**What the task asks:** Look at each line below and count those with the word "Black"; the answer is that number only.

**Data to examine:**
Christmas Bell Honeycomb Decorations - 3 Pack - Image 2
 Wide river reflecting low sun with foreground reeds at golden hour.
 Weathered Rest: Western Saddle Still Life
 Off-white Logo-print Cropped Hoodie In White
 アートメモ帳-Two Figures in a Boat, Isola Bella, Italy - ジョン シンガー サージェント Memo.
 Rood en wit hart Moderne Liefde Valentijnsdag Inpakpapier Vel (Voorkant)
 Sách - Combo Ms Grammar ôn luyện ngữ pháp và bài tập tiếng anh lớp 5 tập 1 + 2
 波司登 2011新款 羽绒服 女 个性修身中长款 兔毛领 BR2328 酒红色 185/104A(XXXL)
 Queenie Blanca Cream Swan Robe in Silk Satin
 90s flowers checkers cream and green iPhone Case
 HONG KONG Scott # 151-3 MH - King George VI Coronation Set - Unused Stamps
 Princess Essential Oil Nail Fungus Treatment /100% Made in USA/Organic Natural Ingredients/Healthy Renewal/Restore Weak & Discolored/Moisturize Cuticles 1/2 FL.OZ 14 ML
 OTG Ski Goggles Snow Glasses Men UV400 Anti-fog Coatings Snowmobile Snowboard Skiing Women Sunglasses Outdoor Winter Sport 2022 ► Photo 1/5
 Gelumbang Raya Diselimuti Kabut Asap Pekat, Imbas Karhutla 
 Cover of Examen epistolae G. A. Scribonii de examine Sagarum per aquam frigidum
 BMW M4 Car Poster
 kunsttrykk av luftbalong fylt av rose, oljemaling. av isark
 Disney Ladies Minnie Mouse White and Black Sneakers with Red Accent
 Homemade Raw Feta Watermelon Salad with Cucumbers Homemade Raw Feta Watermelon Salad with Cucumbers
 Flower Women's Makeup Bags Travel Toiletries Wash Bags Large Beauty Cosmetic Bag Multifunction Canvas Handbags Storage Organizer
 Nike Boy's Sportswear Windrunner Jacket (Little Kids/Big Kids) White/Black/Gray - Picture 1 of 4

**Your response:** 2